Individuals not to blame for Trump



Hundreds march through downtown Chicago Nov. 12 in protest of the presidential election of Donald Trump. One sign reads “FIGHT THE SYSTEM NOT EACH OTHER [sic].” Columnist Cobb urges those unhappy with Trump’s win to blame institutions and not individuals for this result.

ABBI COBB, Opinion Columnist

Donald Trump, a volatile, fear-mongering, prejudiced, self-proclaimed sexual predator, billionaire man-child is the president-elect of the United States. And people are very angry for good reason. How do we respond to situations like this? Well, it appears that we must first place blame somewhere.

In the wake of a threatening and confusing time in this country, I hope that your post-election frustration is appropriately concentrated.

To be frank, it’s immature and naïve to place blame on individuals for the election results. Do not blame those that voted third-party or those that didn’t vote at all. Don’t even blame Donald Trump himself.

Individual people did not secure his victory and you must immediately stop perpetuating this idea, as it is false and unproductive. American institutions did this. All efforts to resist this election should be directed at the systems that guaranteed this win.

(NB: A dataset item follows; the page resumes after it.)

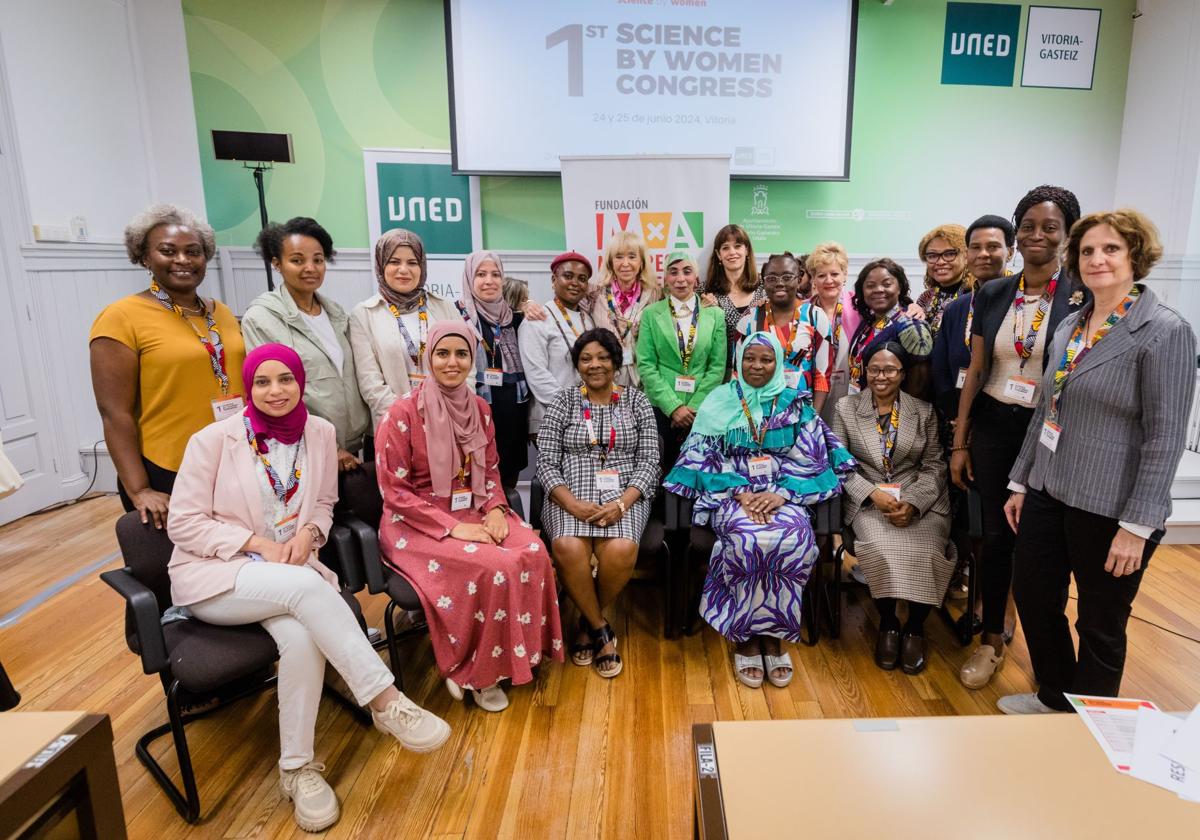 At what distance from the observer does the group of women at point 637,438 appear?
1.88 m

To ensure something like this never happens again, here is a list of institutions that should be blamed and consequently challenged in the face of this disturbing election: the Democratic National Committee (DNC), a group that employed corruption and deceit to prop up an unfavorable candidate. Blame them for failing to truly represent the working class, the former basis of the party.

Blame the Electoral College, which despite Hillary Clinton’s superior general election appeal, selected Trump to be the 44th president of the United States.

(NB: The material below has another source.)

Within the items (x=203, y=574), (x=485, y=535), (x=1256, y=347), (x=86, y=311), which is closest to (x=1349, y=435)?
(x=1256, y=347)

You can blame voter disenfranchisement that prevents nearly seven million people with felony records from participating in the election process. Blame corporate hegemony and its message of consumerism that discourages critical thinking and cultural awareness.

But above all, I hope you blame systematic hate — racism, sexism, ableism, homophobia, Islamophobia, xenophobia.

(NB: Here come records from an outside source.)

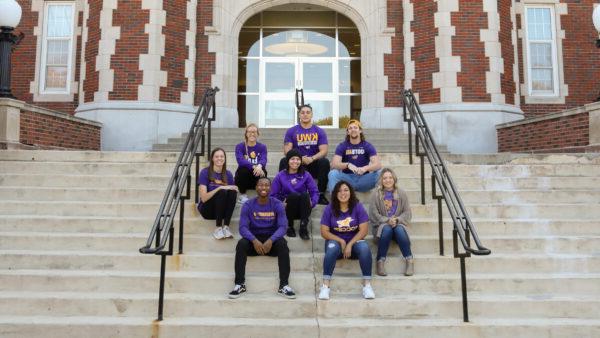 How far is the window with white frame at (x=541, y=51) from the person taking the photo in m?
13.0

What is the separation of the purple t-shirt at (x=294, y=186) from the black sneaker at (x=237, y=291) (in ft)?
4.42

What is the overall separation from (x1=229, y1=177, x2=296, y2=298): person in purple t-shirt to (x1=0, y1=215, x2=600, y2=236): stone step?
85 cm

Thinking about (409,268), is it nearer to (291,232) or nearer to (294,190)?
(291,232)

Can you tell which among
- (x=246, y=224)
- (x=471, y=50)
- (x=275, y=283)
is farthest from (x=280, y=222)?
(x=471, y=50)

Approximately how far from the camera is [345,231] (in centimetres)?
486

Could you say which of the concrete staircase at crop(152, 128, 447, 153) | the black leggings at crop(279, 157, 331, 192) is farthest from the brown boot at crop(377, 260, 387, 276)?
the concrete staircase at crop(152, 128, 447, 153)

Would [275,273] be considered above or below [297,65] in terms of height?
below

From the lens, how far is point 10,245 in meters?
5.34

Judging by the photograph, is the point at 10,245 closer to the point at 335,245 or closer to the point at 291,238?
the point at 291,238

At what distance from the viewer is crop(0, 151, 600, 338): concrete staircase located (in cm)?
414

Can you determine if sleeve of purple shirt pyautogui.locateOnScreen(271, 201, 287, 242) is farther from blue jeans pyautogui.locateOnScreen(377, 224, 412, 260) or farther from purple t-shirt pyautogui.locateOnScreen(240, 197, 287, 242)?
blue jeans pyautogui.locateOnScreen(377, 224, 412, 260)

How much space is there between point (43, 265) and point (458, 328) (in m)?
4.12

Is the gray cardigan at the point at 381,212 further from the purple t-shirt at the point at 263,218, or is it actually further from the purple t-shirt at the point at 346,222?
the purple t-shirt at the point at 263,218

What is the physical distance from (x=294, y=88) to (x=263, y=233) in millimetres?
9504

The fears that Trump has played on would not have garnered so much support had it not been for the deeply-rooted systems of belief that underserve and discriminate against marginalized populations.

Displaced frustration is a tool used by powerful institutions to ensure their status is not challenged. An agenda that encourages people to punch down protects the interests of those in power by confining anger and aggression within groups oppressed people, intensifying the effects of their oppression.

Donald Trump’s entire campaign was fueled by displaced anger. Instead of blaming corporate greed and growing wealth inequality for the stagnating wages and frustration that uneducated white men experience, Trump blames people of color, he blames immigrants and Muslim Americans.

Regardless of what side of the political aisle you’re on, blaming individuals is an easy narrative to adopt and use in explaining the intense anger that others feel. I challenge you to instead critically assess systems that work to perpetuate social inequality and work to the demise of democracy.

This way, when we stop trying to pin blame on each other, perhaps we could begin to organize for the purpose of eradicating these systems.